There is no ideal body weight. Say that aloud, “There is no ideal body weight”. Sure, the government has very exacting standards as to what the best lean body mass may be. Sure, there are height and weight charts from the 1950s that claim to be able to say who is the right weight and who is wrong for health insurance quotes. But the reality of the matter is that you will find 5 foot 8 athletes who weigh 190 pounds, and you will find 5 foot 8 drug abusers who weight 150 pounds – and the majority of official paperwork on the matter will assign a greater health probability to the drug user. So let’s throw these numbers out the window and create our very own definition of what your person ideal body weight should be.

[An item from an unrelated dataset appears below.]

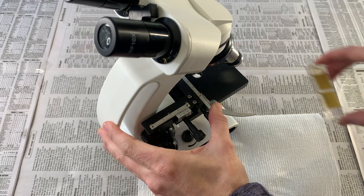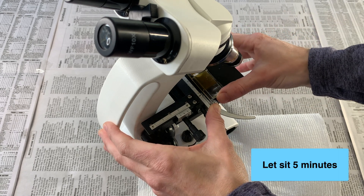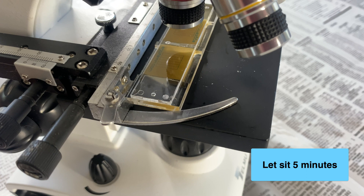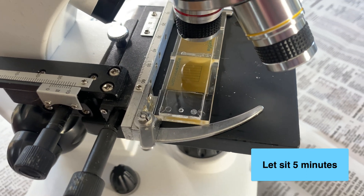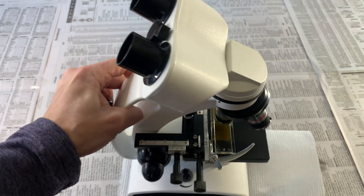Immediately place the slide on the microscope and let it sit there for another 5 minutes. During this time, the parasite eggs will float to the top of the saltwater solution within the slide chambers. After waiting 5 minutes, it's time to study your sample.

Let’s examine some of the factors that, if met, ensure you are already at the body weight:
- You are below 15% body fat, revealing at least an outline of your abdominal shape
- You can run a mile in under 12 minutes
- You can complete 20 pushups or 30 situps in one minute
- You appear reasonably athletic and fit when looking in the mirror
- You aren’t winded after activities such as walking up 2 flights of stairs or carrying in groceries
- You feel good and alert most of the time
If you are in agreement with these factors, then it would appear you are already where you need to be. Keep on training hard and working to improve, but you’ve got it locked down! If you are lacking in some areas, fear not. It will just take a bit more weight lifting, cardiovascular training, and intelligent eating to cut down the fat, build up the muscle, and reach a point where you have the muscle, the shape, and the conditioning to be at your own personalized ideal body weight. Each of these indicators is designed to be a relevant evaluator of strength, fitness and lung capacity. However, you can surely find other criteria and design your own rubric. Define it, write it down, then you will have a baseline from which to assign your own adherence to an ideal body weight measurement tool that is right for you!